Islamist extremist groups that were once confined to slivers of territory in the most marginalized areas of West Africa are increasingly expanding their operational footprint in the region. Whether it is Boko Haram, which has rebranded itself as the self-proclaimed Islamic State’s West African affiliate, or the myriad al-Qaida offshoots that occupied northern Mali following a coup in 2012, insurgent operations are no longer confined by these groups’ countries of origin.
The Islamic State’s West Africa Province, as Boko Haram now calls itself, has spread beyond its base in northeastern Nigeria into neighboring Cameroon, Chad and Niger, which all have borders near the dwindling waters of Lake Chad. Al-Qaida’s various branches in Mali, meanwhile, first expanded their presence from the country’s desert north into its more populous center, before encroaching last year on neighboring Burkina Faso and Cote d’Ivoire, which had been relatively free of attacks from Islamist extremists.

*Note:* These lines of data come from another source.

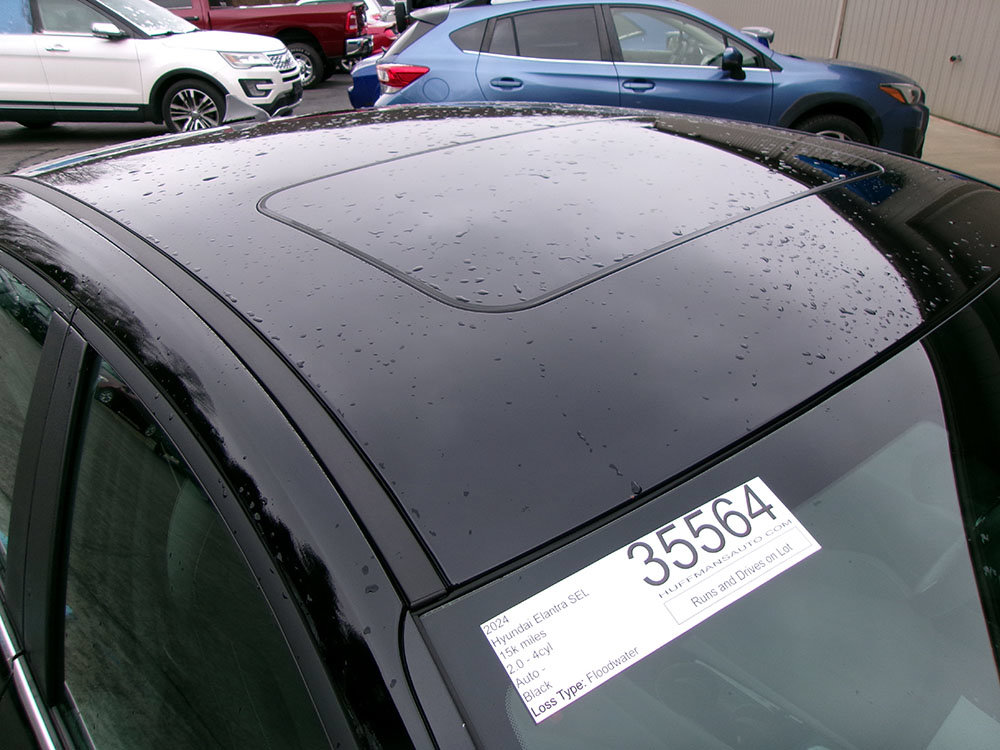 Used 2024 Hyundai Elantra SEL w/ Convenience Package FWD image 8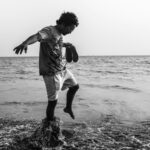 Hombre salpicando agua con los pies.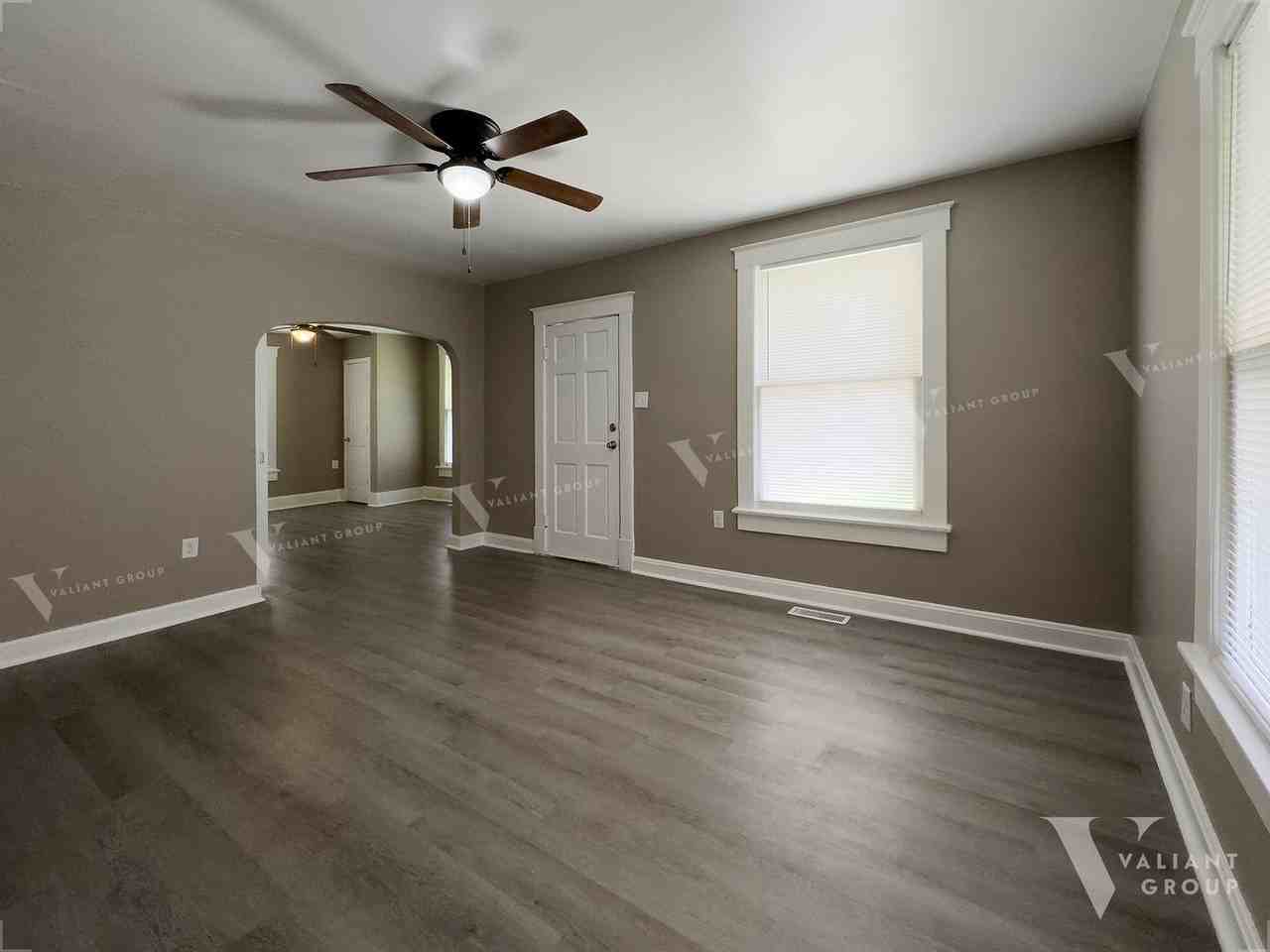 1036 E Blaine St - Photo 2 of 13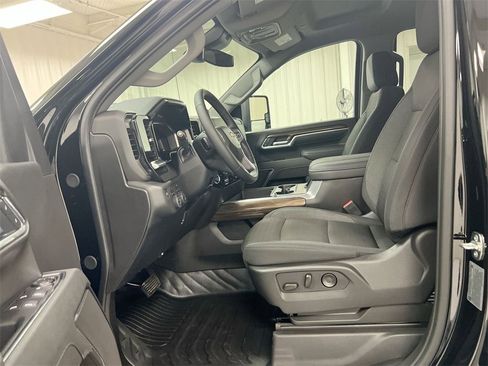 New 2026 Chevrolet Silverado 3500 LT w/ Convenience Package image 16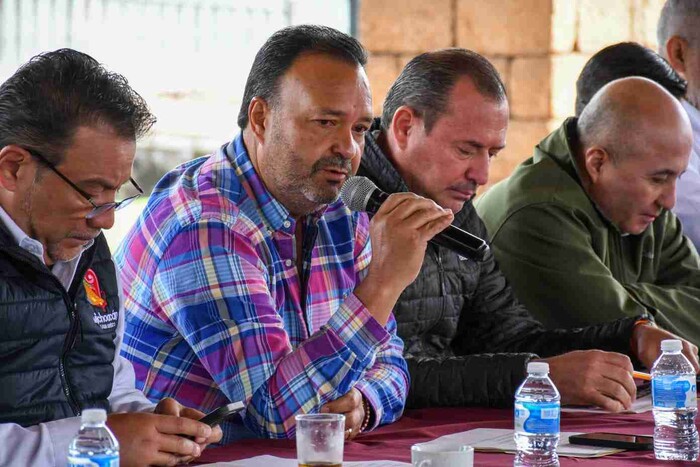 Continúan los esfuerzos municipales y estatales para recuperación ambiental del Lago de Pátzcuaro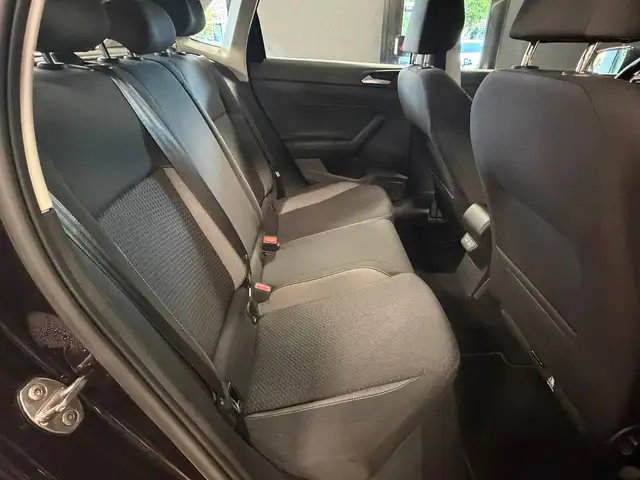 Volkswagen Polo view 10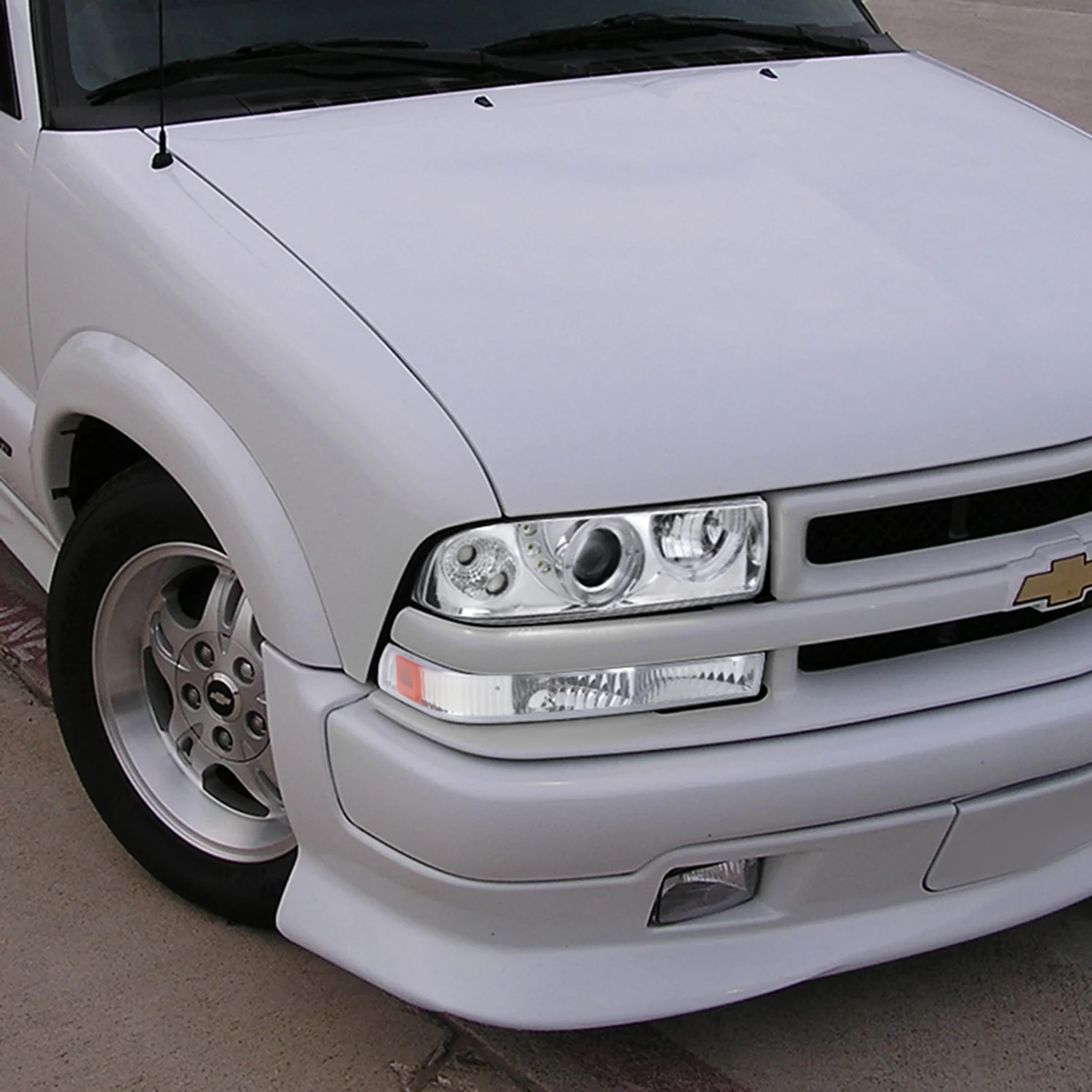 1998-2004 Chevy S10/ GMC Sonoma Bumper Lights Chrome Housing/Clear Lens - Image 10
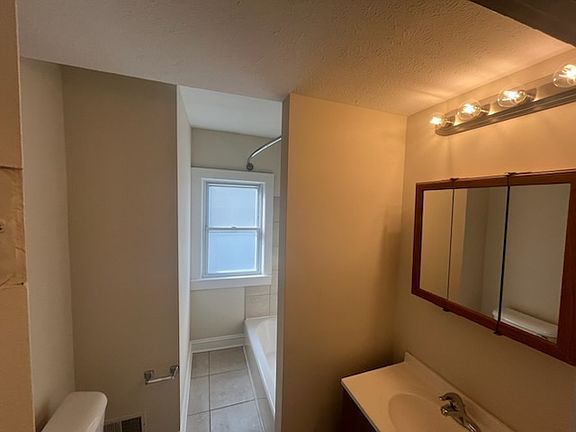 4th image of 16413 Trafalgar Ave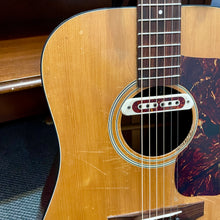Load image into Gallery viewer, 1973 Guild D-35 "Bluegrass" Acoustic
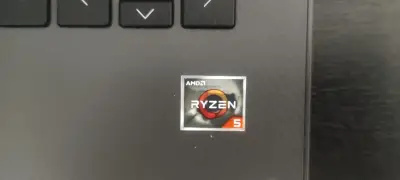Laptop HP con procesador AMD Ryzen - miniatura 3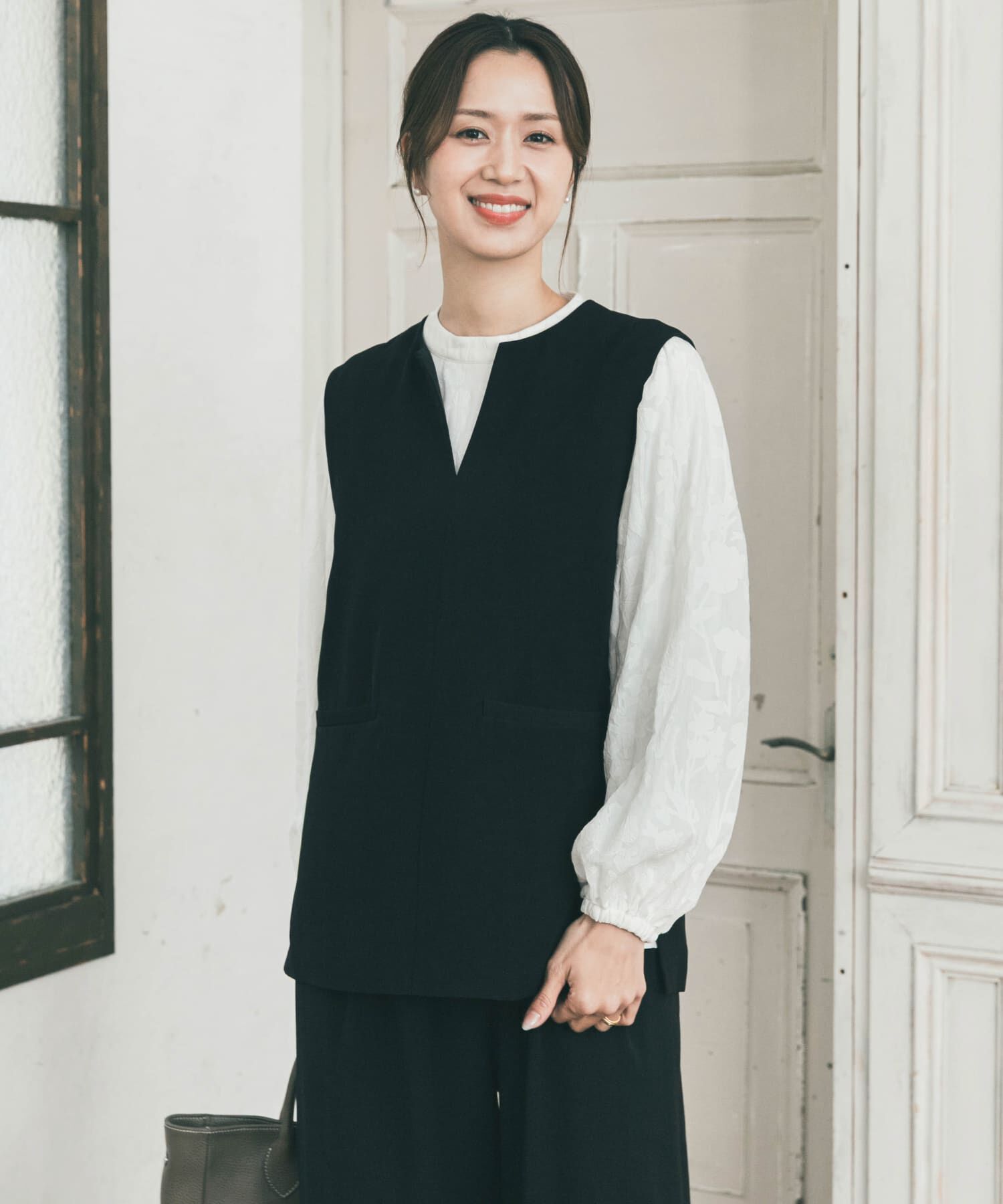 URBAN RESEARCH DOORS「スリットネックベスト」|ベスト・ジレ|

Beyond these groups’ stated goal to replace secular governments with their own absolute Islamic rule, there is a more practical reason for their expansion across borders in West Africa: retribution for these countries’ direct or tacit involvement in Western-backed counterterrorism operations. Attacks in Burkina Faso’s capital, Ouagadougou, in January 2016 and a March 2016 assault on Cote d’Ivoire’s tourist-popular Grand Bassam beachfront were both claimed by al-Qaida in the Islamic Maghreb, or AQIM, as retribution for French-led efforts to defeat them.